At the time, Aviv writes, “faith in the potential of psychology and psychiatry seemed boundless.” But the biomedical approach also raised new problems for psychiatry—not just from adverse medical events, withdrawal syndromes, and sexual dysfunction, but from the single-minded, at times unrelenting conviction that “fluctuations in brain chemicals were at the root of people’s mood.”

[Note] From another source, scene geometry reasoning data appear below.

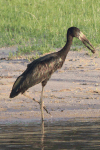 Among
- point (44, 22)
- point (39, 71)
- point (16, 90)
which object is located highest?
point (39, 71)

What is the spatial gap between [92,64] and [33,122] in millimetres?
4126

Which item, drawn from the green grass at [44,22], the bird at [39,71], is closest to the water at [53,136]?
the bird at [39,71]

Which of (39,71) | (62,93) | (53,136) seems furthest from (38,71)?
(53,136)

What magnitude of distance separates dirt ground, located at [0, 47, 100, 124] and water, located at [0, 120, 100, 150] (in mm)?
584

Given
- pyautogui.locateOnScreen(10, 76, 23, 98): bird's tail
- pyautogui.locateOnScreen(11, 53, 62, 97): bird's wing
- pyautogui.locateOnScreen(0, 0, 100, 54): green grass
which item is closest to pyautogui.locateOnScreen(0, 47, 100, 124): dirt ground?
pyautogui.locateOnScreen(10, 76, 23, 98): bird's tail

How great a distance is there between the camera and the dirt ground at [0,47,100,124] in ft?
25.8

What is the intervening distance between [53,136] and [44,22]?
915 cm

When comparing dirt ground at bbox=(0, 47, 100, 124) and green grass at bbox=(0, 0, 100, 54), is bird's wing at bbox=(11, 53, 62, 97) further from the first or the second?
green grass at bbox=(0, 0, 100, 54)

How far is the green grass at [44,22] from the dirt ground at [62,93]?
1.20 m

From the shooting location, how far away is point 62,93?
357 inches

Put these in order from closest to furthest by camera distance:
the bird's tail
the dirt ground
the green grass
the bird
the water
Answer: the water
the bird's tail
the bird
the dirt ground
the green grass

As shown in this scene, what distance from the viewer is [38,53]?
40.7 feet

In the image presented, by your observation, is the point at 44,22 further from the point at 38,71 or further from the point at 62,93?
the point at 38,71

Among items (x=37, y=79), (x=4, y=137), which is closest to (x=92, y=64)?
(x=37, y=79) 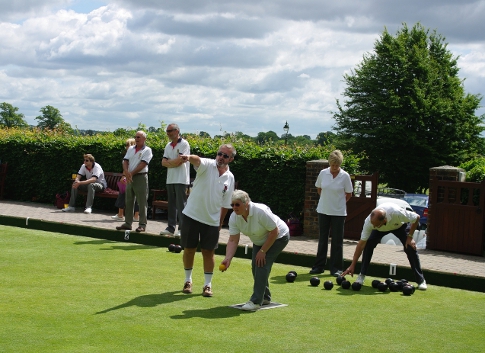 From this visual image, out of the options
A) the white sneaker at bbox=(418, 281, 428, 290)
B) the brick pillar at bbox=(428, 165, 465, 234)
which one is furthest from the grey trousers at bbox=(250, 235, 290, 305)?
the brick pillar at bbox=(428, 165, 465, 234)

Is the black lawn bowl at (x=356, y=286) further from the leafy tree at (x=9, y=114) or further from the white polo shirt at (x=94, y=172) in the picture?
the leafy tree at (x=9, y=114)

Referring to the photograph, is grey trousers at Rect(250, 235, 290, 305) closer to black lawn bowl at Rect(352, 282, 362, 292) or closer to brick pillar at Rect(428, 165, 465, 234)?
black lawn bowl at Rect(352, 282, 362, 292)

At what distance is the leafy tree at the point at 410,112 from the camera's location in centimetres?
3903

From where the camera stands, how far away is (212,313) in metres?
6.11

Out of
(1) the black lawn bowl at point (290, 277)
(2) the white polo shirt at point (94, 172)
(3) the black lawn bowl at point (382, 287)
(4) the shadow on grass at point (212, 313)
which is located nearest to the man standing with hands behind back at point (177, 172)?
(1) the black lawn bowl at point (290, 277)

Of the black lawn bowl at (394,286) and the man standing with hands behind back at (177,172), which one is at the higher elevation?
the man standing with hands behind back at (177,172)

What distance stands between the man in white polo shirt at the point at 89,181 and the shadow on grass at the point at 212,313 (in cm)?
906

The case studies that follow in Strangers to Ourselves are strikingly different, taking the reader to southern India, mysticism, and a schizophrenia diagnosis that seems dangerously misapplied and enforced; then to foster homes and psychiatric incarceration in Midwest America in which Naomi, an impoverished Black woman, receives diagnoses that are difficult to detach from her continued demand for racial justice and an end to the racism she has endured. In both chapters, the line between mental illness and what cultures view as rational and sane is notably hazy.

Privilege and Perfectionism

Aviv’s final chapter extends the focus of her New Yorker article on Laura Delano, a Harvard graduate beset by her family’s wealth, privilege, and perfectionism, whose extended withdrawal problems from psychiatric drugs have since led to years-long activism and engagement around deprescribing.

In the book version of the chapter, which includes extensive autobiographical material, Aviv is careful to stress that “Lexapro tracks closely with the development of my career. It also corresponds with the period in which my boyfriend and I decided to get married.” For these reasons, she acknowledges in this draft, “I told Laura that I was struggling with a slightly different dilemma: to continue as the person I’d become I needed a drug. I wanted my children to remember the version of me that took Lexapro”—a version of her that is apparently calmer and less easily thrown.

The revelation complicates related narratives about short- and long-term use, urging better assessment of the psychodynamic and biochemical, including in their combination, but also where extended use can, with some psychiatric medications, lead to dependency and withdrawal.

In Strangers to Ourselves, the models and narratives that psychiatry adopts are seen to fail repeatedly, with consequences that are fraught for patients. As Aviv observes, “The divide between the psychic hinterlands and a setting we might call normal is permeable, a fact that I find both haunting and promising. It’s startling to realize how narrowly we avoid, or miss, living radically different lives.”